The program is jointly administered by the DCA and the New Jersey Department of Military Veterans Affairs, known as MAVA. Suarez described the program as a “surge” of resources combined with reforms to make benefits more accessible.
They include a relaxation of qualifications for and expedited processing of benefits like rental assistance vouchers specifically for veterans; enhanced coordination among public and nonprofit veterans’ services providers, including training in the new measures for providers; and $30 million in state funding to pay for the initiative.
Suarez spoke to NJAM following the March 13 announcement of the Bringing Veterans Home program at the state National Guard Training Center in Sea Girt, where caseworkers underwent two days of training for the program.
The state’s adjutant general, U.S. Air Force Brigadier General Yvonne L. Mays, who serves as MAVA’s commissioner and commander of the state’s Army and Air National Guard, joined her Mays called the program “a groundbreaking step toward ensuring that no Veteran endures the hardship of homelessness.”
Officials said the program would also incorporate services provided by MAVA and DCA’s federal counterparts, the U.S. Veterans Administration, known as the VA, and the Department of Housing and Urban Development, or HUD, though Mays acknowledged there was “a lot of uncertainty” amid the ongoing federal government shakeup under President Donald Trump.
If officials are able to declare mission accomplished next year, it would be a notable legacy for Democratic Gov. Phil Murphy, who will step down when his second term as governor expires in January, six months before the program’s target date to end veterans’ homelessness in the state.
“Our veterans have sacrificed so much to uphold our nation’s freedom and deserve our deepest gratitude and respect for their service,” Murphy said in a statement when the program was announced this month.
John Walter Furgeson, the Air Force veteran in Boonton, came close to being out on the street after having lost the DD 214 discharge papers that qualified him for housing assistance, said his son, John Paul Furgeson, a non-veteran who lives with his father. The government’s copy of Furgeson’s DD 214 had perished in a 1973 fire at the National Personnel Records Center in St. Louis that destroyed countless veterans’ records.

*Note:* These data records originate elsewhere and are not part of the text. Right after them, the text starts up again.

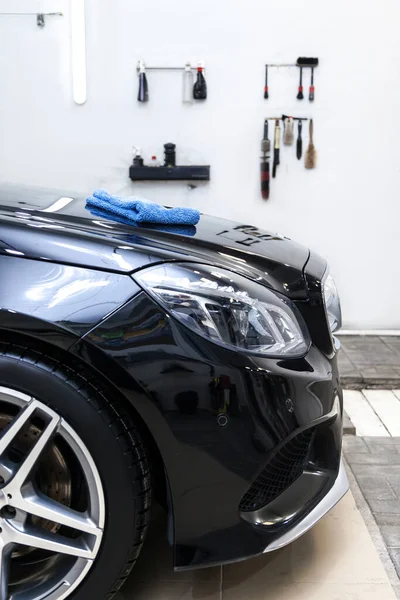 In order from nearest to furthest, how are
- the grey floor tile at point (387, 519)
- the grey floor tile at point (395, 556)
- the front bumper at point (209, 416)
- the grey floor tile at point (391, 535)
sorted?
the front bumper at point (209, 416) → the grey floor tile at point (395, 556) → the grey floor tile at point (391, 535) → the grey floor tile at point (387, 519)

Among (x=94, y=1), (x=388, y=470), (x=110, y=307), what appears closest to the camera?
(x=110, y=307)

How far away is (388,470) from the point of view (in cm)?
219

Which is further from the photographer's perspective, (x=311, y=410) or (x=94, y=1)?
(x=94, y=1)

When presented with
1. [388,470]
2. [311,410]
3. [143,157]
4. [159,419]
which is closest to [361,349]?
[388,470]

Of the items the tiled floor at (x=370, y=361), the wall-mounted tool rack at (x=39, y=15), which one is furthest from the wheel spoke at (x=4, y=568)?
the wall-mounted tool rack at (x=39, y=15)

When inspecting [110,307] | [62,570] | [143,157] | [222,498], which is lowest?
[62,570]

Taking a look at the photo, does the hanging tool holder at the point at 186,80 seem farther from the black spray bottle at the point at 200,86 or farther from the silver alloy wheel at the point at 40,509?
the silver alloy wheel at the point at 40,509

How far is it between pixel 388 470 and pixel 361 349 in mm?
1567

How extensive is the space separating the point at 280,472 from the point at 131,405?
422mm

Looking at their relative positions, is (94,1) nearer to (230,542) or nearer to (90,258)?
(90,258)

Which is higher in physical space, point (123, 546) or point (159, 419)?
point (159, 419)

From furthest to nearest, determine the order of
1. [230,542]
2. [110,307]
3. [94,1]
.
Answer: [94,1] → [230,542] → [110,307]

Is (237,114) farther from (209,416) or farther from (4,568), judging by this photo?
(4,568)

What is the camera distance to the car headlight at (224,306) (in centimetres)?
125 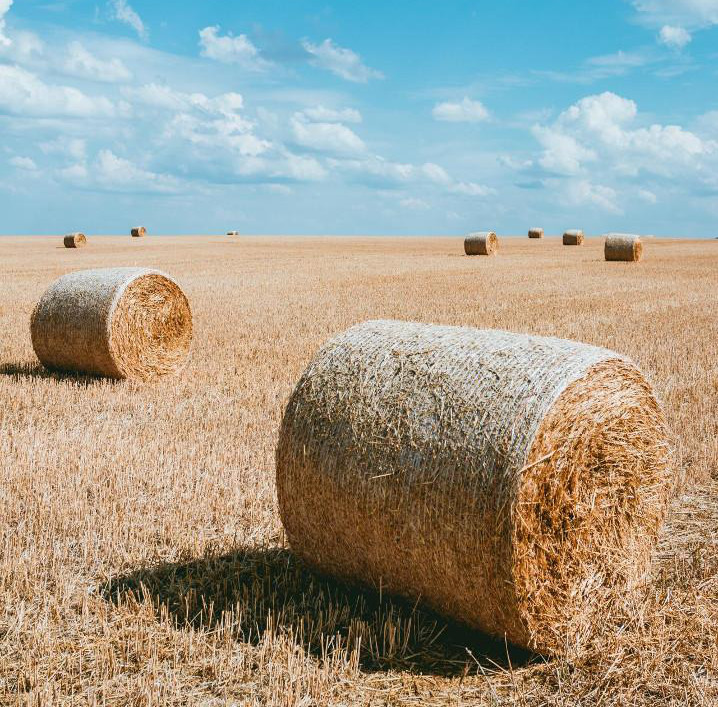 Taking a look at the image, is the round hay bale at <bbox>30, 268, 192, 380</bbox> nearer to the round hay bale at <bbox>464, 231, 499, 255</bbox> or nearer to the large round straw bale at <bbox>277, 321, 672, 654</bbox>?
the large round straw bale at <bbox>277, 321, 672, 654</bbox>

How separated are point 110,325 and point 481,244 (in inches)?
1172

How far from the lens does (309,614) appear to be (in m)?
4.46

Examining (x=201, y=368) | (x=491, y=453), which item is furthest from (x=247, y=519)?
(x=201, y=368)

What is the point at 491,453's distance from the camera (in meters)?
4.05

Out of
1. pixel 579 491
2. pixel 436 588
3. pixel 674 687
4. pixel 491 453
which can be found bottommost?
pixel 674 687

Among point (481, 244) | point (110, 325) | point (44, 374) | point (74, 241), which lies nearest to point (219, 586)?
point (110, 325)

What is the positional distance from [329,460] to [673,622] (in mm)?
2074

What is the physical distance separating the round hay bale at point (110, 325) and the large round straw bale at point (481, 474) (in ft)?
20.4

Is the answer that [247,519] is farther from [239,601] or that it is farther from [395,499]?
[395,499]

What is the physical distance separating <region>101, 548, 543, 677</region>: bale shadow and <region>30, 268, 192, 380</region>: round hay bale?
5.89m

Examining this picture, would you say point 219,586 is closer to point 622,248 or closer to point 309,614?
point 309,614

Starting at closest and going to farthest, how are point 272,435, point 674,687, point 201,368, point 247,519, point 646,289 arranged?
point 674,687 < point 247,519 < point 272,435 < point 201,368 < point 646,289

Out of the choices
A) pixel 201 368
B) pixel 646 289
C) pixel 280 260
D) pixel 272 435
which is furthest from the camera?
pixel 280 260

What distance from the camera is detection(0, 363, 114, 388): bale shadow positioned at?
412 inches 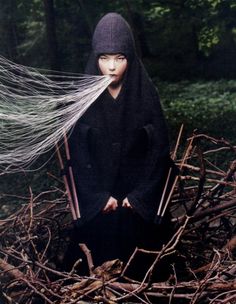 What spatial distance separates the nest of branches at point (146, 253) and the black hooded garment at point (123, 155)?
106mm

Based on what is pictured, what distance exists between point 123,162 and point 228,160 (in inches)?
39.2

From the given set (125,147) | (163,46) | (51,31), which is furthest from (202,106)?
(125,147)

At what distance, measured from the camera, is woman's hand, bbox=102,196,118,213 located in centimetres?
239

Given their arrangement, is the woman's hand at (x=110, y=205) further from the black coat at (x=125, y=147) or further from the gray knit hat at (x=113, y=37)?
the gray knit hat at (x=113, y=37)

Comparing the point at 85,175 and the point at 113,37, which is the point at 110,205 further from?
the point at 113,37

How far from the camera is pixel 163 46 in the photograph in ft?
9.78

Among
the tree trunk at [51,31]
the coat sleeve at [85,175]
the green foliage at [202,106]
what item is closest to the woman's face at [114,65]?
the coat sleeve at [85,175]

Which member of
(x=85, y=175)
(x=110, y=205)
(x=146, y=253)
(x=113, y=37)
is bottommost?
(x=146, y=253)

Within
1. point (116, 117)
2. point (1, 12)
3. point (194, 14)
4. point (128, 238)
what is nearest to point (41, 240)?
point (128, 238)

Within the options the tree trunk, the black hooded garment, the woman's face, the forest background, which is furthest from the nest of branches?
the tree trunk

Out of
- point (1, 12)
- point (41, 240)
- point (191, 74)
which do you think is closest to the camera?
point (41, 240)

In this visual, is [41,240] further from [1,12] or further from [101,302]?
[1,12]

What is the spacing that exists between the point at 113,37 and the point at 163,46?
0.69m

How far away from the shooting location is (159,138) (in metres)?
2.40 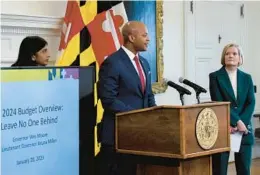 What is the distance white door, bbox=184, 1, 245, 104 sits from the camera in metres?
4.99

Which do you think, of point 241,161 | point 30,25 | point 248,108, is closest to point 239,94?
point 248,108

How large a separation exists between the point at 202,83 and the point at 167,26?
762 mm

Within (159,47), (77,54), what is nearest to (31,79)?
(77,54)

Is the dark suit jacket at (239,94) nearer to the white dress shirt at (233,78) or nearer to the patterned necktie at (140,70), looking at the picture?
the white dress shirt at (233,78)

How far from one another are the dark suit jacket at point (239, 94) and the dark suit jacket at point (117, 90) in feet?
3.50

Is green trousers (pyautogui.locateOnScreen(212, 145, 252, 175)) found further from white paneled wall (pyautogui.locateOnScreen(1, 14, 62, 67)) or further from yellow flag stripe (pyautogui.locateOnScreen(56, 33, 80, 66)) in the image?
white paneled wall (pyautogui.locateOnScreen(1, 14, 62, 67))

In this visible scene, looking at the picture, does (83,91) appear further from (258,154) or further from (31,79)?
(258,154)

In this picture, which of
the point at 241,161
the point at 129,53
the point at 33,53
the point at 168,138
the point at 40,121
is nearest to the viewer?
the point at 40,121

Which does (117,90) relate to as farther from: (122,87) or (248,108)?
(248,108)

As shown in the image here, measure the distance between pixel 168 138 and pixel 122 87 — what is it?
0.43 metres

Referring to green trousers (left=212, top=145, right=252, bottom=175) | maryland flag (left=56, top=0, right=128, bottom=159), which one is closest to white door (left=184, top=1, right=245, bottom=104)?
maryland flag (left=56, top=0, right=128, bottom=159)

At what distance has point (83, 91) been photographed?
1.91 meters

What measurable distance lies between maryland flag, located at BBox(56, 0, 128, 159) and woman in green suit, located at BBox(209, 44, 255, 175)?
2.61ft

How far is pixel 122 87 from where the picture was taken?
2.50 m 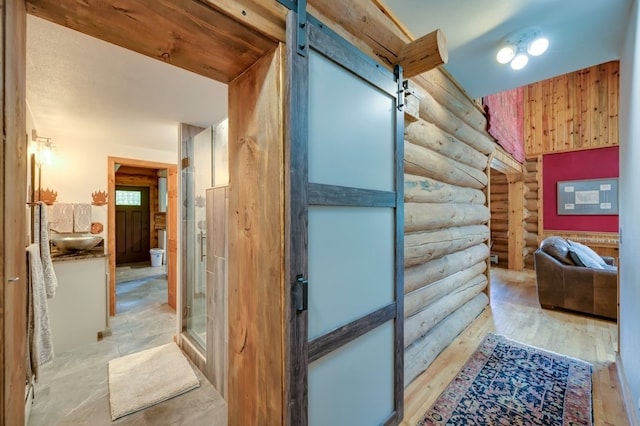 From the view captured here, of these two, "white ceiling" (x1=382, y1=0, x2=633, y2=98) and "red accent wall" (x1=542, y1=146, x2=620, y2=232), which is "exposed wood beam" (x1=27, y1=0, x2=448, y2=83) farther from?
"red accent wall" (x1=542, y1=146, x2=620, y2=232)

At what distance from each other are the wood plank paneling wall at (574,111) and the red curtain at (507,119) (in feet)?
1.22

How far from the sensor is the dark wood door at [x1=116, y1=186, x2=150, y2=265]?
7.52 meters

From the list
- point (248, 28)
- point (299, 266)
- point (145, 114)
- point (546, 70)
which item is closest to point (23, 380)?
point (299, 266)

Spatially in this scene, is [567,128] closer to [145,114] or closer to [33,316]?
[145,114]

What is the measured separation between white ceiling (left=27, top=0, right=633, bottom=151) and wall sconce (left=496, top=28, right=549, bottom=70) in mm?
56

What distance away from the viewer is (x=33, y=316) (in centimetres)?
156

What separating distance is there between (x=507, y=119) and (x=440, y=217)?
140 inches

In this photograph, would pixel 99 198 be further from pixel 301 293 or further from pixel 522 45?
pixel 522 45

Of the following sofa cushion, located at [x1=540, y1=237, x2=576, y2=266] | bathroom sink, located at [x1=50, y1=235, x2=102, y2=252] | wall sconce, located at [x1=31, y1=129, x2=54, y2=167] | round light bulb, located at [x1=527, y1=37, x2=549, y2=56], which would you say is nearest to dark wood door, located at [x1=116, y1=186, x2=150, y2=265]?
wall sconce, located at [x1=31, y1=129, x2=54, y2=167]

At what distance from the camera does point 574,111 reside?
A: 19.2ft

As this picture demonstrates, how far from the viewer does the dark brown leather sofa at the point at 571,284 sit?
11.3 ft

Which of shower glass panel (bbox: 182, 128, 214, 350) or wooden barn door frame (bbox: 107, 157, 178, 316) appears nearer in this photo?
shower glass panel (bbox: 182, 128, 214, 350)

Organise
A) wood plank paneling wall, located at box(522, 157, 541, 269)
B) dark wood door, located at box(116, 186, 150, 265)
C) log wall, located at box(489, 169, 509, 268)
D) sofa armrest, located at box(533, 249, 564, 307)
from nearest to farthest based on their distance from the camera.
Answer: sofa armrest, located at box(533, 249, 564, 307), wood plank paneling wall, located at box(522, 157, 541, 269), log wall, located at box(489, 169, 509, 268), dark wood door, located at box(116, 186, 150, 265)

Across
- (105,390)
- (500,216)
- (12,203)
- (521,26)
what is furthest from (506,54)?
(500,216) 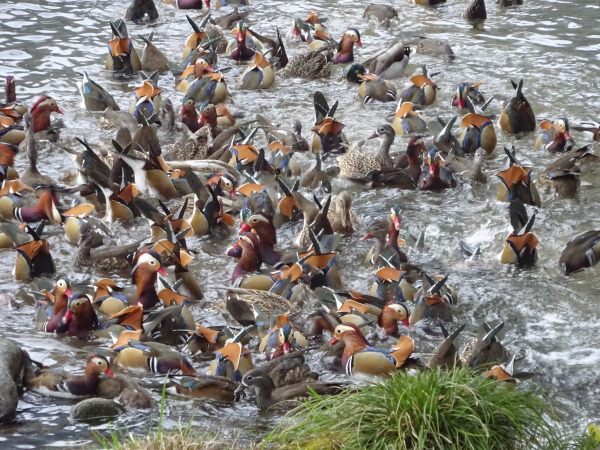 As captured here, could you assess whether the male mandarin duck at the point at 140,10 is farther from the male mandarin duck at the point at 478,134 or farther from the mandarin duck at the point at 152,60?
the male mandarin duck at the point at 478,134

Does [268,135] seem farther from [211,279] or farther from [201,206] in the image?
[211,279]

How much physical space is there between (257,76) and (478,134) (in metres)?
2.86

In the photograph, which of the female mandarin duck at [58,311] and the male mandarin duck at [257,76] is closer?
the female mandarin duck at [58,311]

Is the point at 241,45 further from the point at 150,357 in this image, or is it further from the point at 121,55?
the point at 150,357

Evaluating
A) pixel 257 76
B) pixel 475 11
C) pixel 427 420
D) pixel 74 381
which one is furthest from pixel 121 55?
pixel 427 420

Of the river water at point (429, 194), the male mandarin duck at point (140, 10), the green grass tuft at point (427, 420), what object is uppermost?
the green grass tuft at point (427, 420)

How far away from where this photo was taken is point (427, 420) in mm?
4578

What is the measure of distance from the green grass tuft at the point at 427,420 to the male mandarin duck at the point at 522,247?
2.88 meters

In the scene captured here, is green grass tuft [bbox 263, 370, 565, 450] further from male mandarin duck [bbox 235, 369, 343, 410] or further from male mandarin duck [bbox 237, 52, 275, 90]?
male mandarin duck [bbox 237, 52, 275, 90]

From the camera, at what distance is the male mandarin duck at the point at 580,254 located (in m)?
7.55

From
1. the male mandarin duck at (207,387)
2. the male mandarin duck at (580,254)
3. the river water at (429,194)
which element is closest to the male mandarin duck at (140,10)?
the river water at (429,194)

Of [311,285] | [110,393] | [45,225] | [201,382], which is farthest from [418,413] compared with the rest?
[45,225]

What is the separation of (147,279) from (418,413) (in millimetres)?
2871

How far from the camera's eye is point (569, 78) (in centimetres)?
1129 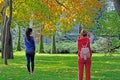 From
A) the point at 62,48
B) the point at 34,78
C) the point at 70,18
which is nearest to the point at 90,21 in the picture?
the point at 70,18

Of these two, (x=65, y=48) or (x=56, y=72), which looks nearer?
(x=56, y=72)

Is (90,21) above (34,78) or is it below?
above

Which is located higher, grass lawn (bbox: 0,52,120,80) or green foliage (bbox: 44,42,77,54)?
grass lawn (bbox: 0,52,120,80)

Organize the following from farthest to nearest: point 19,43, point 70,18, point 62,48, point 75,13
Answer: point 19,43
point 62,48
point 70,18
point 75,13

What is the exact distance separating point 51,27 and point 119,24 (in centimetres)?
1504

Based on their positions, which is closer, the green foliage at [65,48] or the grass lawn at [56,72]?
the grass lawn at [56,72]

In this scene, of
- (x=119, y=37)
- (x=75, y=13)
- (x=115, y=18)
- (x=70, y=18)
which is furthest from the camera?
(x=70, y=18)

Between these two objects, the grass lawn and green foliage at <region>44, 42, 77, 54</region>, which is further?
green foliage at <region>44, 42, 77, 54</region>

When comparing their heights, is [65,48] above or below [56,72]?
below

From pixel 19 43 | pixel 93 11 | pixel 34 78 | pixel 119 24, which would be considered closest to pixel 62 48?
pixel 19 43

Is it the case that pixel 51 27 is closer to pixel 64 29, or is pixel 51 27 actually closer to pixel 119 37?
pixel 64 29

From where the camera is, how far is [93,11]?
44000mm

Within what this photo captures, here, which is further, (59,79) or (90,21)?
(90,21)

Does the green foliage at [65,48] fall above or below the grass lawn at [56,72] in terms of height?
below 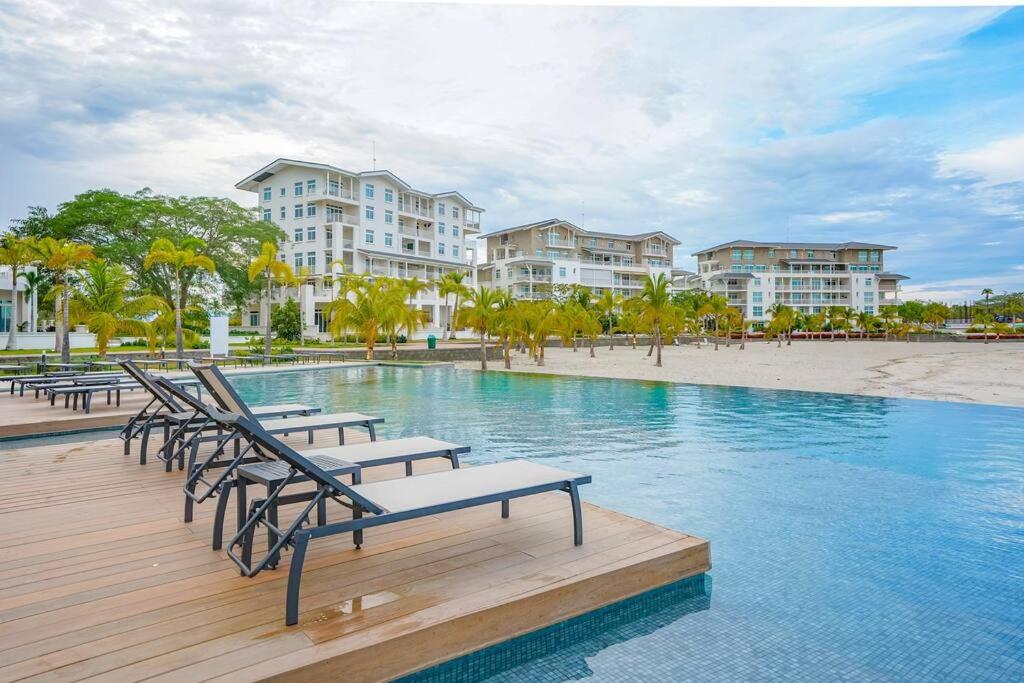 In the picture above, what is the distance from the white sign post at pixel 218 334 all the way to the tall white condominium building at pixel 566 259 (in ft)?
140

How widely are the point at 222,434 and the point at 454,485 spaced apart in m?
3.19

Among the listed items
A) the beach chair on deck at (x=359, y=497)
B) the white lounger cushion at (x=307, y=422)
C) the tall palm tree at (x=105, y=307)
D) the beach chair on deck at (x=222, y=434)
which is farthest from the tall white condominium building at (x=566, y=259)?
the beach chair on deck at (x=359, y=497)

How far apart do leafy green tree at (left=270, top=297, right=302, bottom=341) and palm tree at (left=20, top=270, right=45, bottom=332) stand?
14.2m

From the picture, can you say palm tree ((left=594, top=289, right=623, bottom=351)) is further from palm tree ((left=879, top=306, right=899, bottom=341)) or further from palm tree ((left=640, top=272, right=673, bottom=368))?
palm tree ((left=879, top=306, right=899, bottom=341))

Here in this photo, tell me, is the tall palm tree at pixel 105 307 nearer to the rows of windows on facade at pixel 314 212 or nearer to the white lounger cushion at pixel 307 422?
the white lounger cushion at pixel 307 422

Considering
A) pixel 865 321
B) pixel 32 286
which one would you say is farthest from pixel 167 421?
pixel 865 321

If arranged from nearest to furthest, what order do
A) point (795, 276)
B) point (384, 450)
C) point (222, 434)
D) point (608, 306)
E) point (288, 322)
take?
1. point (384, 450)
2. point (222, 434)
3. point (288, 322)
4. point (608, 306)
5. point (795, 276)

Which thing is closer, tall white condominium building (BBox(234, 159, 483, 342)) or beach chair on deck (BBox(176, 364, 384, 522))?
beach chair on deck (BBox(176, 364, 384, 522))

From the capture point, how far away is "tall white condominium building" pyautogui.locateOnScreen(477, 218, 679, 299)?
241ft

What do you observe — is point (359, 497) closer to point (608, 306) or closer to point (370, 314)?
point (370, 314)

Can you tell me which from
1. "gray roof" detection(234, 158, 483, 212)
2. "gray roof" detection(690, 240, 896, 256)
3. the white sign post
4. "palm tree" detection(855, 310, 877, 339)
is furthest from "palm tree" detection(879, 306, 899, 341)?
the white sign post

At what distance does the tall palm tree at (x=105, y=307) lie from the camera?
76.7 ft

The Furgesons had an eviction hearing scheduled for last Thursday before it was cancelled when they finally got emergency rental assistance and proof of the father’s honorable discharge that would entitle him to benefits going forward. John Paul Furgeson gave special thanks to the nonprofit veterans’ group Project Kind in Rockaway, adding that his member of Congress, U.S. Rep. Mikie Sherrill (D- 11th District), was “a big help.”
“It’s all resolved now,” the son said Friday.
He agreed with state officials that navigating state, federal and nonprofit veterans’ bureaucracies can be especially difficult for former service members who may already be homeless and lack computer skills and other resources or who may be dealing with lingering physical or emotional impacts of their service.
John Walter Furgeson said he would have fought for himself had his son not been available. But neither man was sure how things might have turned out if the old soldier didn’t have a younger family member to advocate for him. That’s why, the son added, the Bringing Veterans Home initiative was so welcome.
“It’s a full-time job advocating in that situation,” he said.